Project finance risk analysis is based on:
 A due-diligence process intended to ensure that all the necessary information about
the project is available
 Identification of risks based on this due diligence
 Allocation of risks (to the extent possible) to appropriate parties to the project through
provisions in the Project Contracts
 Quantifying and considering the acceptability of the residual risks that remain with
the Project Company, and hence with its lenders.
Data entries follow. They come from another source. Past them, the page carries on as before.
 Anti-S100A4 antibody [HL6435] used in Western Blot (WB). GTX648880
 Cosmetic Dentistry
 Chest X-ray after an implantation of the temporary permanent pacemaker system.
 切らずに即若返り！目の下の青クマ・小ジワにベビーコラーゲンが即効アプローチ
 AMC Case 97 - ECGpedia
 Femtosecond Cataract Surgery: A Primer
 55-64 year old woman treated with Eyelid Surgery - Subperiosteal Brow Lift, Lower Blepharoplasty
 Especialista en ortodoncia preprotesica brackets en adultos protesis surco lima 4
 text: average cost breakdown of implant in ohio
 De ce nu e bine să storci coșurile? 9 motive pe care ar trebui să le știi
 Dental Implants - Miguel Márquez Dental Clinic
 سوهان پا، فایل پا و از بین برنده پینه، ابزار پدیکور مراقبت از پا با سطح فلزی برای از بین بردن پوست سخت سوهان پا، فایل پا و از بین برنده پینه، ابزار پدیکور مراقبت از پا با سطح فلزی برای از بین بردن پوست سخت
The due-diligence process therefore examines the risks inherent in the project under the
different headings of commercial risks, the extent to which these are covered by contractual
arrangements, and whether remaining risks left with the Project Company are reasonable and
acceptable to lenders.

A process of "formal" due diligence is also undertaken by the lenders' legal and other
professional advisers to consider whether (I) the parties to Project Contracts have gone
through proper procedures to sign these contracts, (2) all necessary legal requirements have
been fulfilled to undertake the project, and (3) appropriate tax and accounting assumptions
are being used.
Technical Due diligence. The Lenders' Engineer reviews and reports to the lenders on
matters such as:
 Suitability of project site
 Project technology and design
 Experience and suitability of the EPC Contractor
 Technical aspects of the EPC Contract
 Construction costs and the adequacy of the allowance for contingencies
 Construction schedule
 Construction and operating Permits
 Technical aspects of any Input Supply Contract or Project Agreement
 Suitability of the Project Company's management structure and personnel for
construction and operation
 Any technical issues or risks in operation of the project
 Projections of operating assumptions (output, likely availability, etc.)